WHAT YOU ARE ASKED TO DO
Lines from the one holding "Modern treatment room" through the end of the entries, inclusive, form the whole output; reproduce them exactly and omit pictures.
##### ENTRIES SHOWN
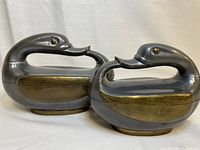 Two metal swan-shaped dishes with brass and silver-tone finish side by side, showing size difference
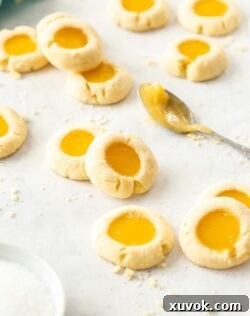 A batch of golden lemon curd cookies on a sheet of baking paper, with a small spoon of vibrant yellow lemon curd placed beside them, highlighting the delicious filling and buttery texture.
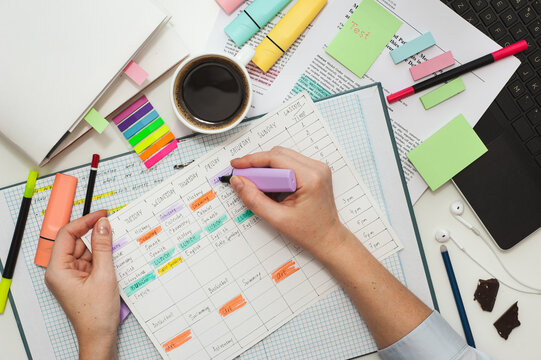 Student desk. The girl makes notes on stickers in the study schedule. The process of homeschooling or preparing homework . Top view of the table with student stationery and notes.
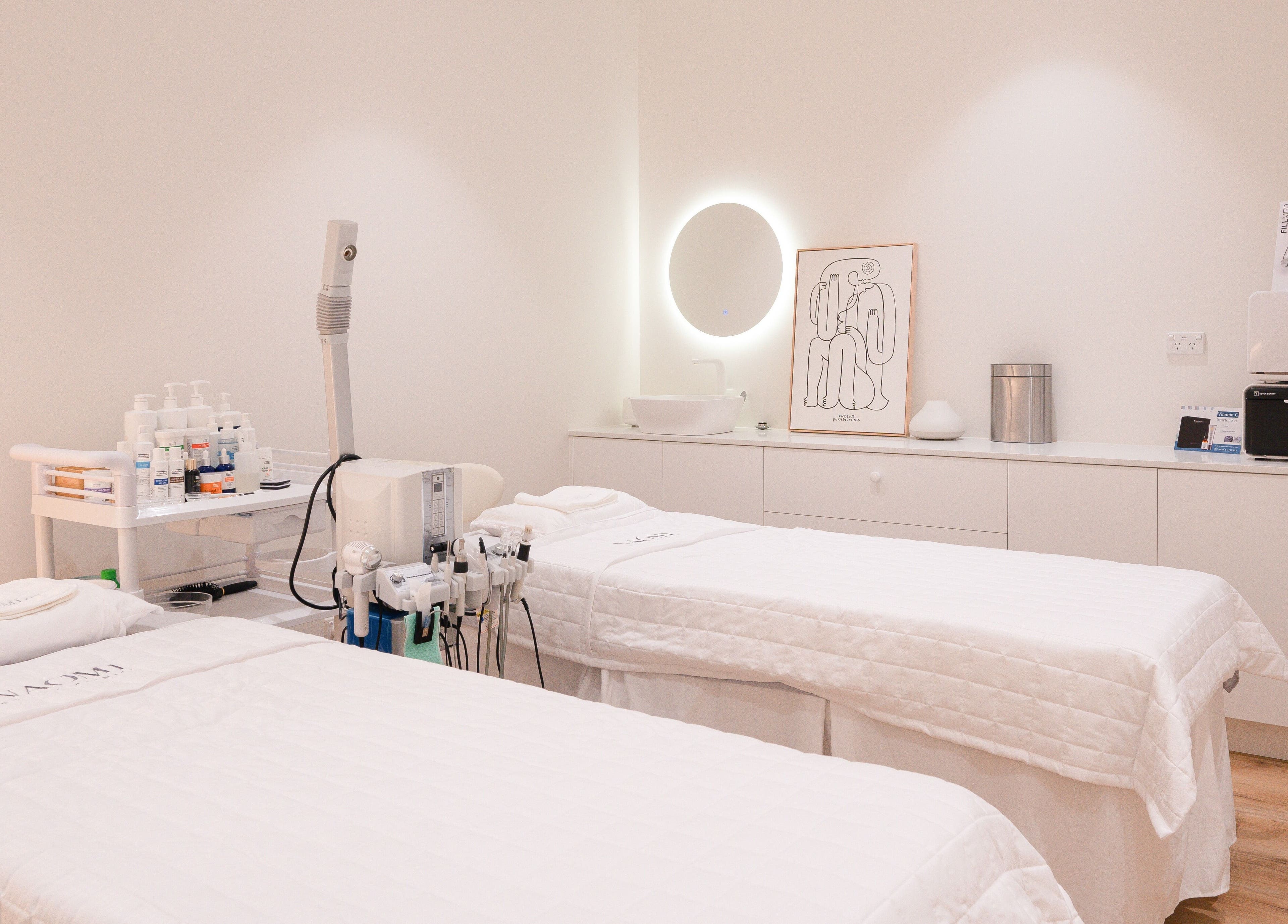 Modern treatment room at La Mascotte Skin and Laser Clinic, Mascot, New South Wales, AU, featuring two spa beds.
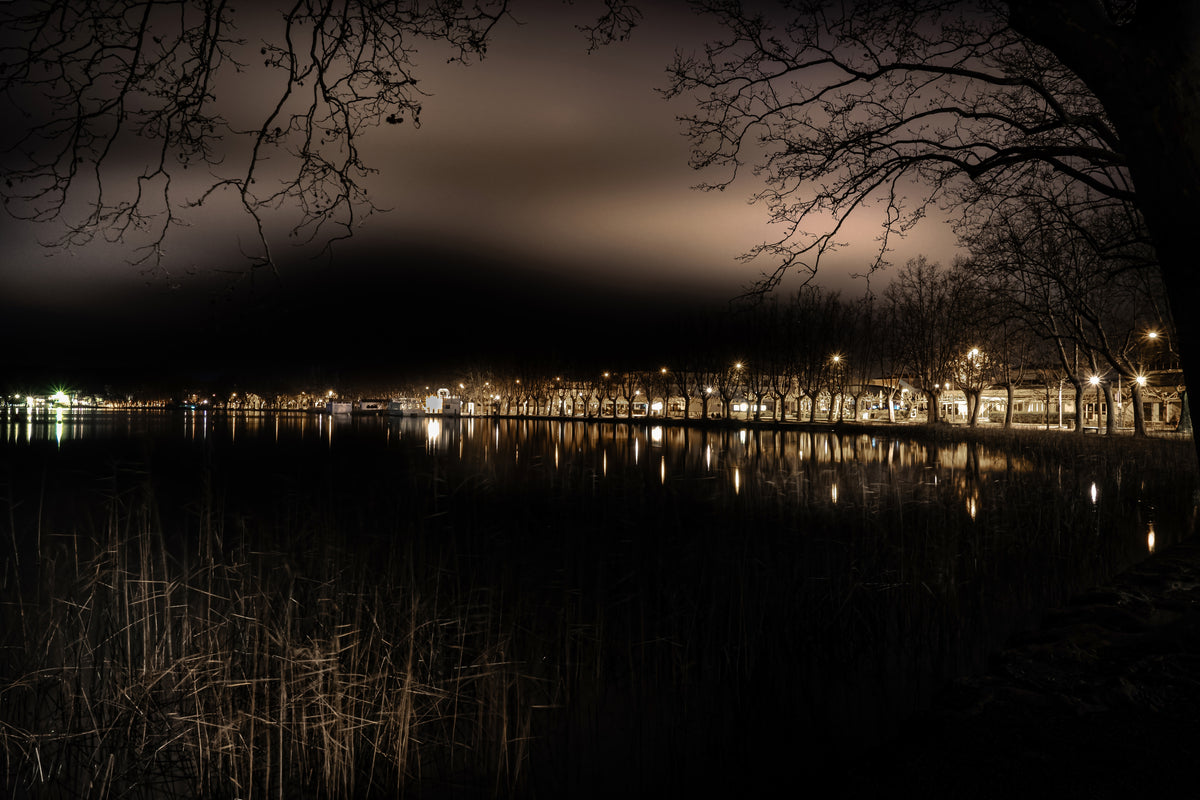 Paseo arbolado y farolas reflejados en el lago de Banyoles de noche. Fotografía fine art, edición limitada de 5 ejemplares.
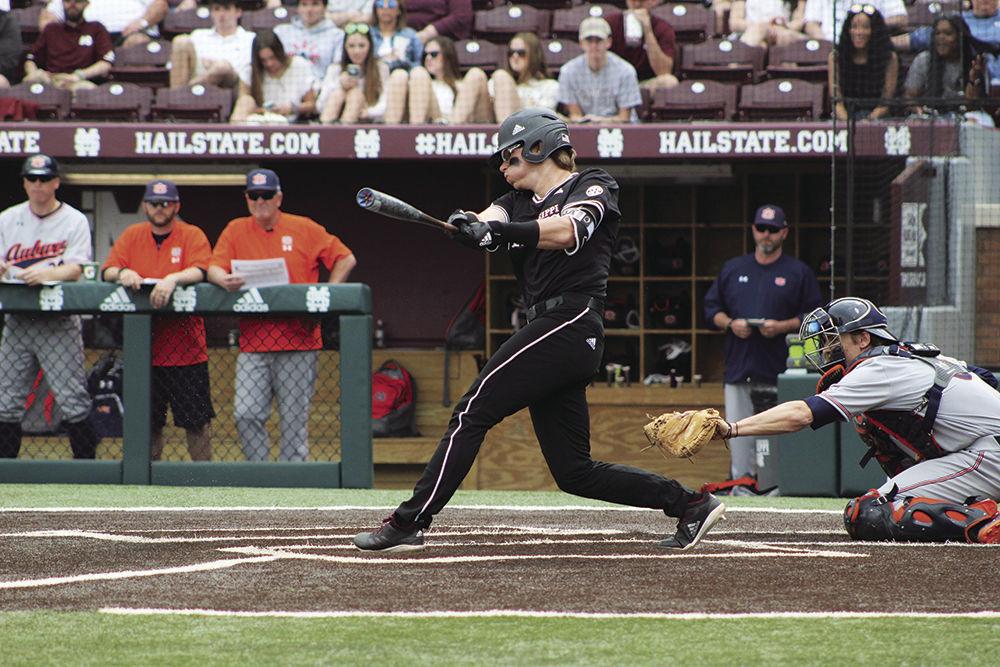 Sophomore Rowdey Jordan gets one of his three hits in MSU’s 20-15 win over Auburn on Sunday.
##########
PROBLEM SOLUTION
 Modern treatment room at La Mascotte Skin and Laser Clinic, Mascot, New South Wales, AU, featuring two spa beds.
 Paseo arbolado y farolas reflejados en el lago de Banyoles de noche. Fotografía fine art, edición limitada de 5 ejemplares.
 Sophomore Rowdey Jordan gets one of his three hits in MSU’s 20-15 win over Auburn on Sunday.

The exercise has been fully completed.